I told this gentleman, ‘Would you like your driver to be honest with you or cheat you?’
He replied, ‘I don’t like my driver to cheat me, it is obvious.’
Then I asked him, 'Would you appreciate it if a colleague is cheating on you?’
He said, ‘No, I don’t want my colleague or friend to cheat on me.’
I said, ‘Look, you don’t want your boss to be dishonest with you. You don’t want your subordinate to be dishonest with you. You don’t want your colleague to be dishonest with you. You expect honesty from everyone, sincerity from everybody; how about you?’
That suddenly made him sit back and think, ‘Yes, I don’t even want my maid servant at home to cheat on me, I don’t want my driver to cheat on me, I don’t want my colleague on whom I have to rely on to cheat on me; then why would I cheat on someone else?’ He had never thought about it like this before; it made him think, re-think!
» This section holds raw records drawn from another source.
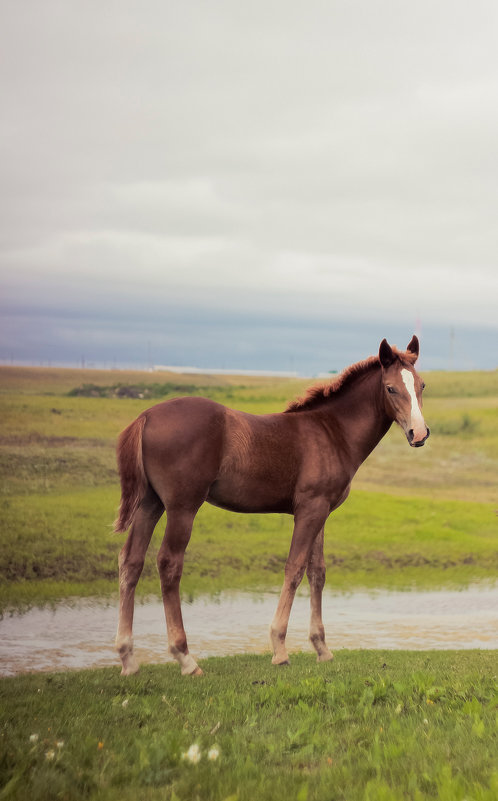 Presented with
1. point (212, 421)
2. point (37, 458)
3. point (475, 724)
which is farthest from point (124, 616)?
point (37, 458)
'When my behavior affects so many people around me, and I am affected by others’ behavior; what I don’t want others to do to me, why should I do to others?'
This is the basic line of ethics.
This sense of awareness when it comes from within, then life is on a different paradigm. There is a very visible shift.
When the recent Himalayas tsunami happened, I didn’t tell any of the volunteers to go and do something. Without me telling anyone, there were already thousands of volunteers who just plunged into various activities. I would say this is real ethics, the real feeling that comes from your heart.
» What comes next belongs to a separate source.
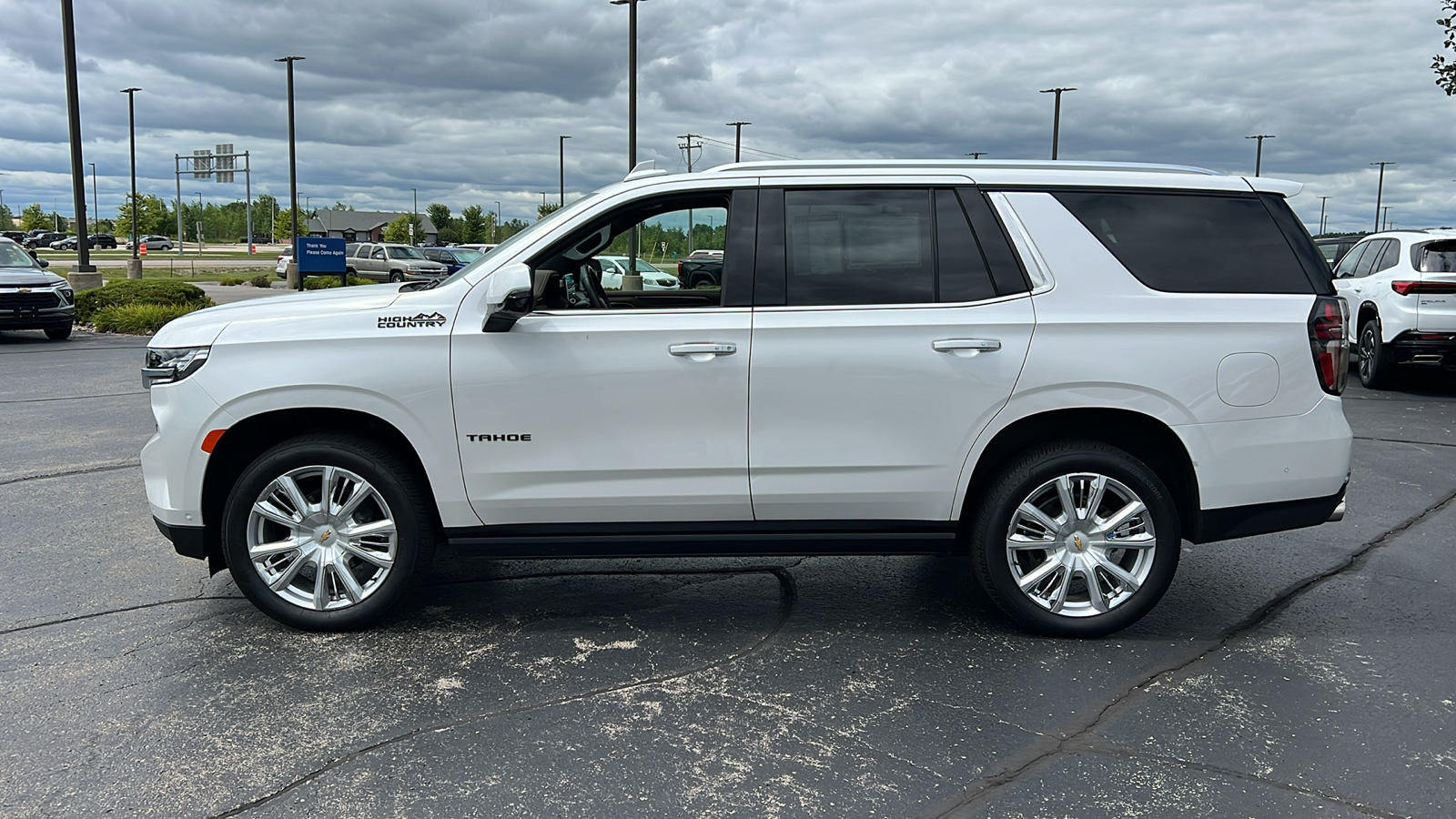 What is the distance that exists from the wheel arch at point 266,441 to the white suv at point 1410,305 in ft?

When we inculcate this in the educational system, bring attention and awareness of one’s attitude and behavior, we find a sea of change in our society.
If you have ever been to a prison anytime, I mean just to take a look at it; if you had a word or two with people in the prison, you would see that they are good people. These people who are condemned as criminals, there is a good person hiding inside them, there is an ethical and compassionate person hiding inside them too. That personality needs to come out, blossom and flower.
When I visited prisons, I spoke to thousands of inmates. They said they committed the crime in a moment of an emotional upsurge, when they were not in control, and then they regretted it.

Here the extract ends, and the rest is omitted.